-- Records shown follows --

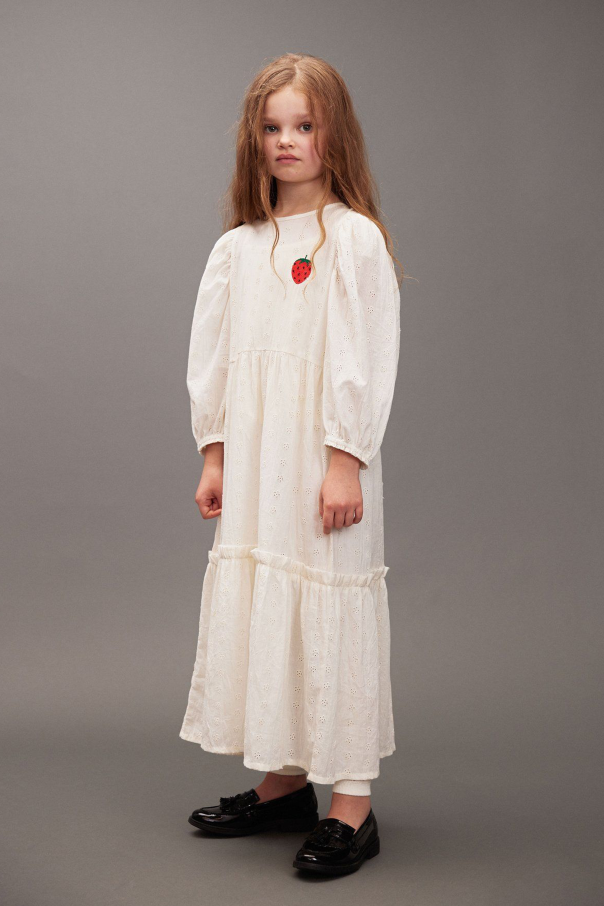 Mini Rodini Lace dress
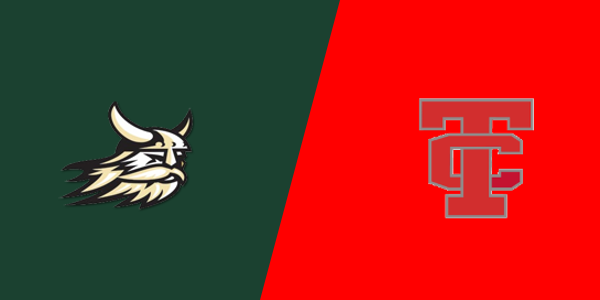 Northwest High School vs. Todd County Central High School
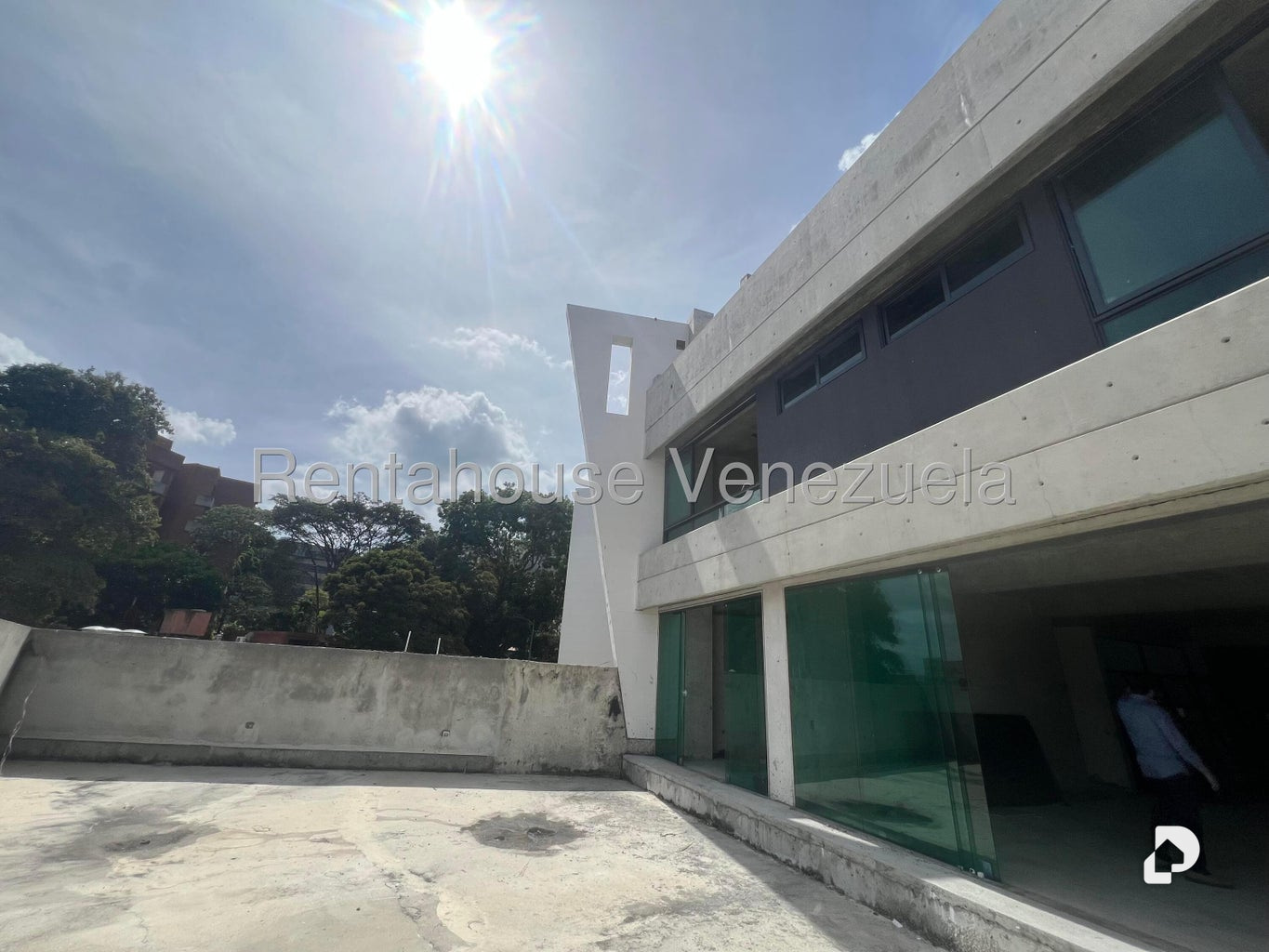 Casa en Sebucan, Caracas – 30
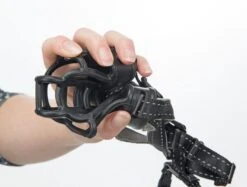 TRIXIE Honden Muilkorf Flex Maat L 17614 -Honden Huis Winkel 1200x910 1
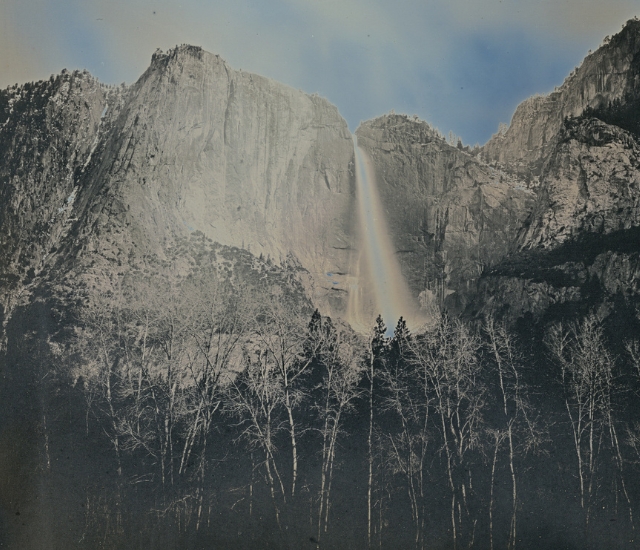 Ecologies of Photography in the American West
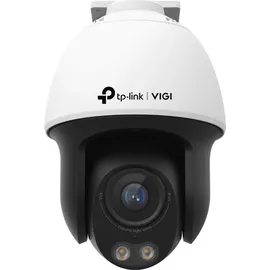 TP-Link VIGI C540S Schwarz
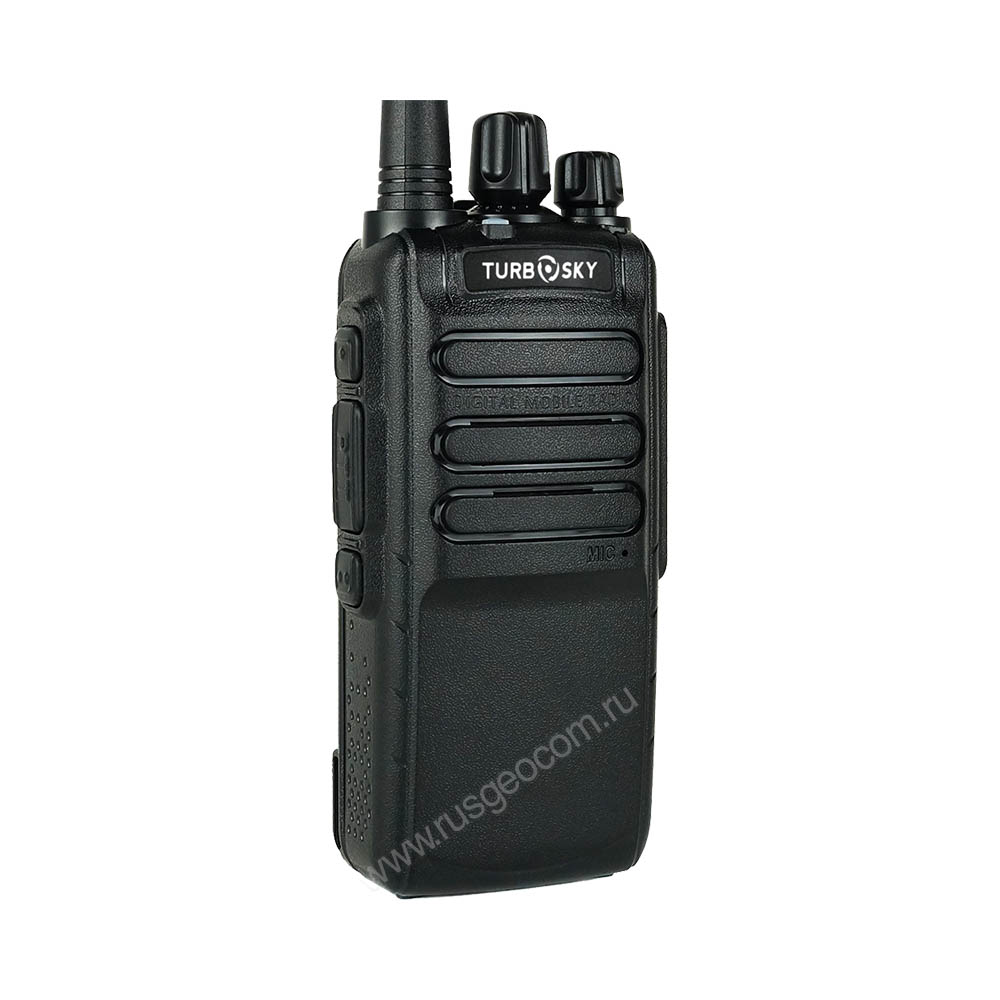 Рация Turbosky T7 DMR - 1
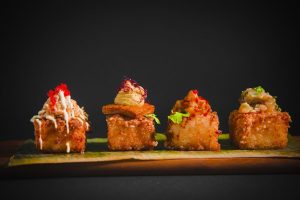 Asian Street Food Festival Zagreb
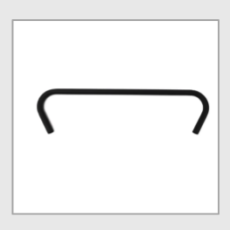 T10 Landing Gear Tube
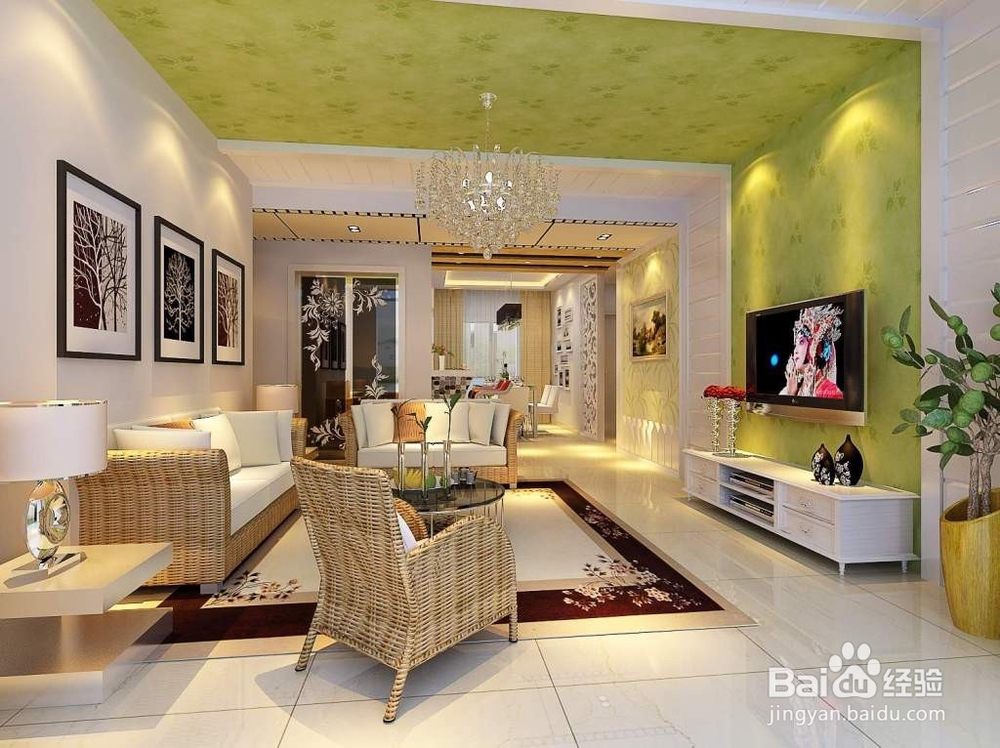 生活贴士,新房除甲醛五步曲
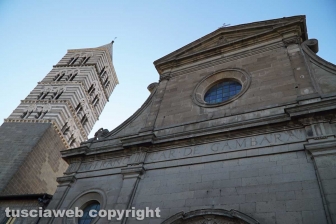 I funerali di Maurizio Sberna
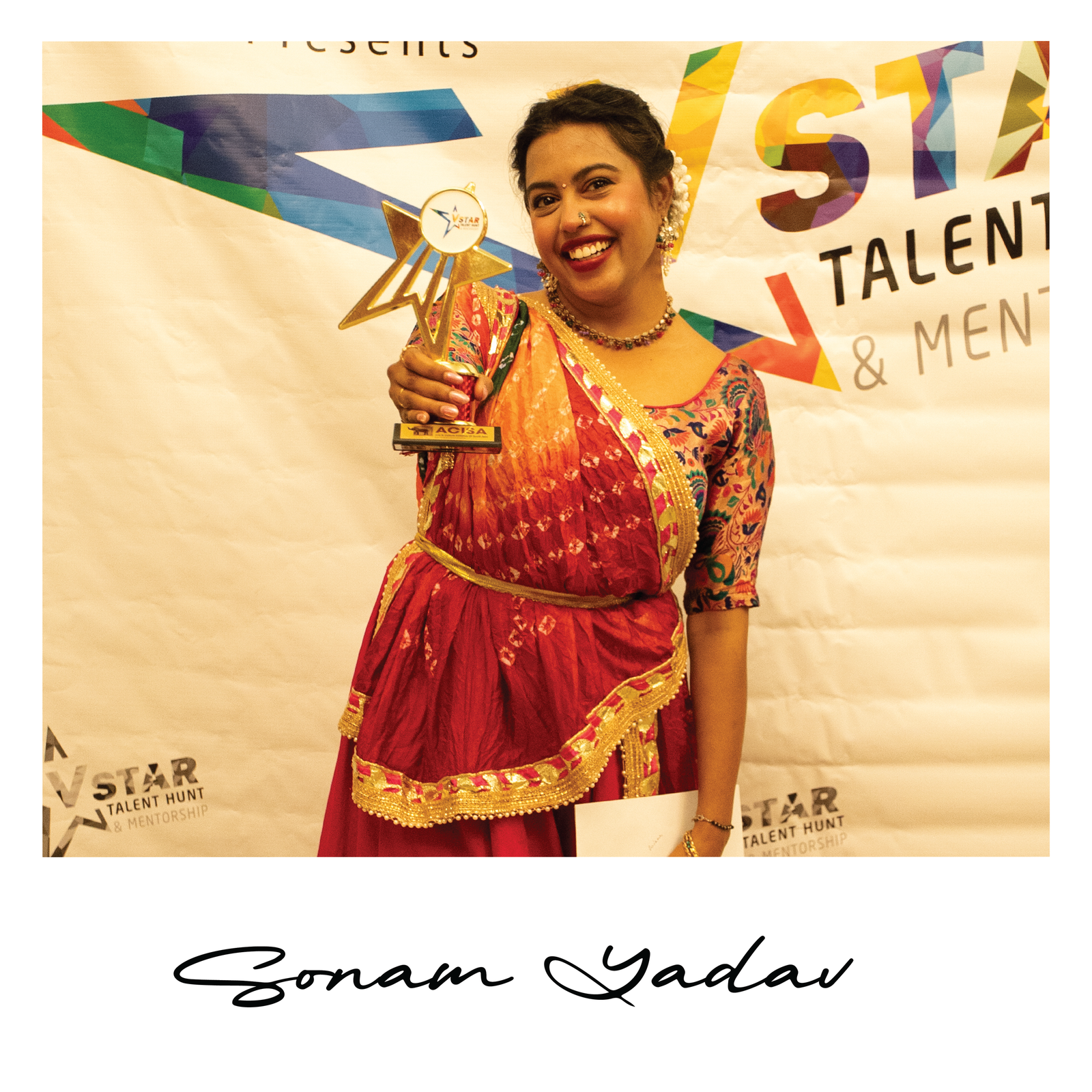 Sonam Yadav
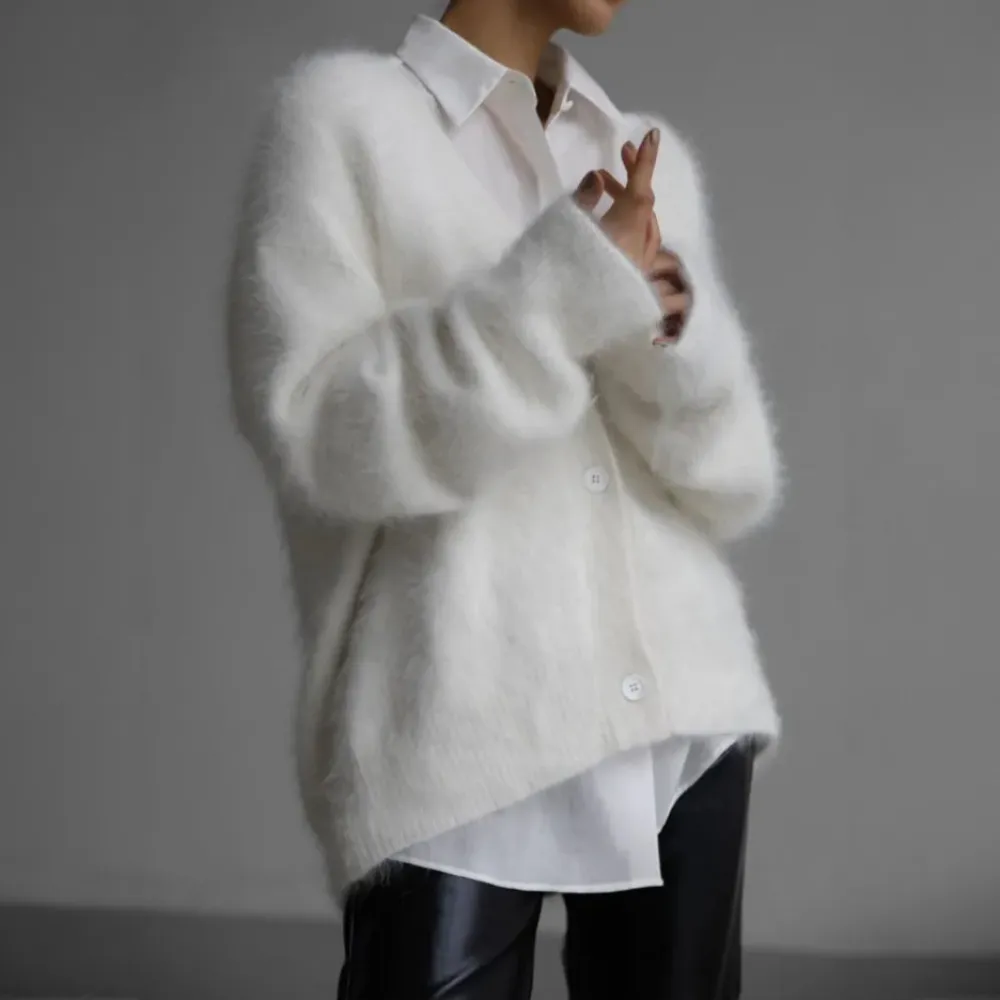 Alisa | Comfortable Cardigan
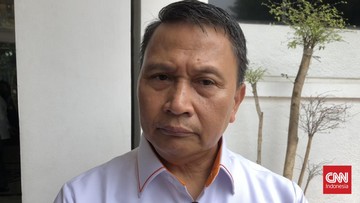 BREAKING: Mardani PKS Akui Tak Ingat Pembahasan 'Pasal Gibran' di PKPU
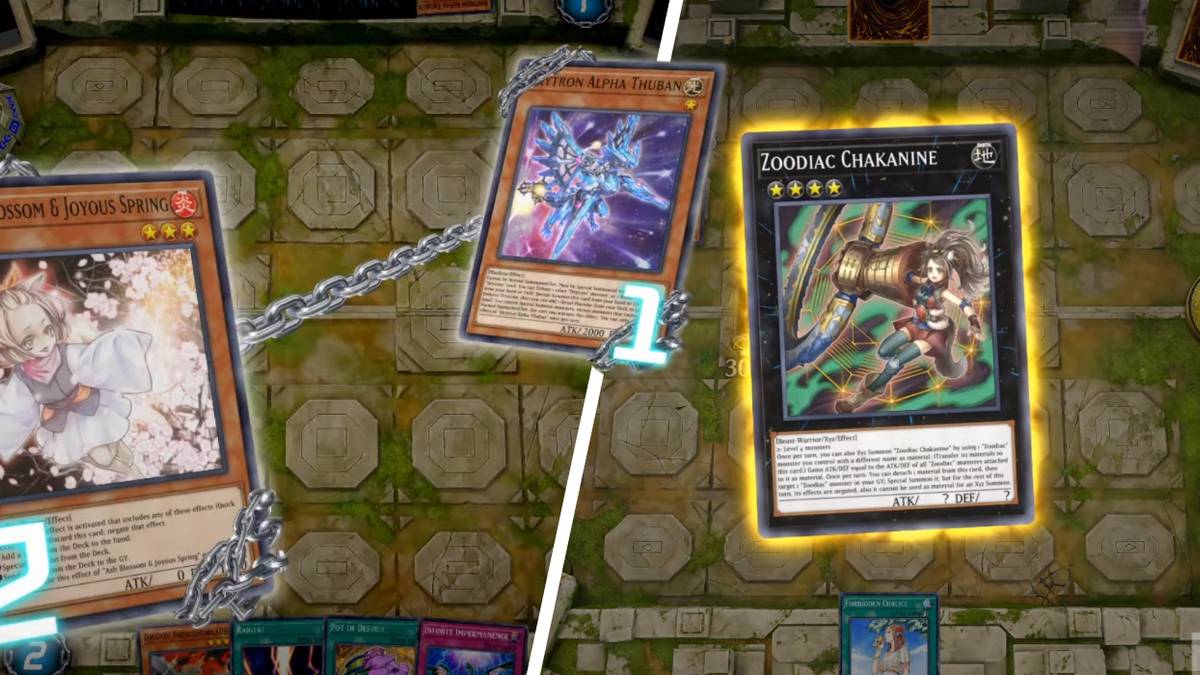 Yu-Gi-Oh Master Duel: The Best Decks for Beginner Players Yu-Gi-Oh Master Duel: The Best Decks for Beginner Players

-- Records shown concluded --

§ What you should do: Print every entry above verbatim but drop the images.

§ Exercise output:
 Mini Rodini Lace dress
 Northwest High School vs. Todd County Central High School
 Casa en Sebucan, Caracas – 30
 TRIXIE Honden Muilkorf Flex Maat L 17614 -Honden Huis Winkel 1200x910 1
 Ecologies of Photography in the American West
 TP-Link VIGI C540S Schwarz
 Рация Turbosky T7 DMR - 1
 Asian Street Food Festival Zagreb
 T10 Landing Gear Tube
 生活贴士,新房除甲醛五步曲
 I funerali di Maurizio Sberna
 Sonam Yadav
 Alisa | Comfortable Cardigan
 BREAKING: Mardani PKS Akui Tak Ingat Pembahasan 'Pasal Gibran' di PKPU
 Yu-Gi-Oh Master Duel: The Best Decks for Beginner Players Yu-Gi-Oh Master Duel: The Best Decks for Beginner Players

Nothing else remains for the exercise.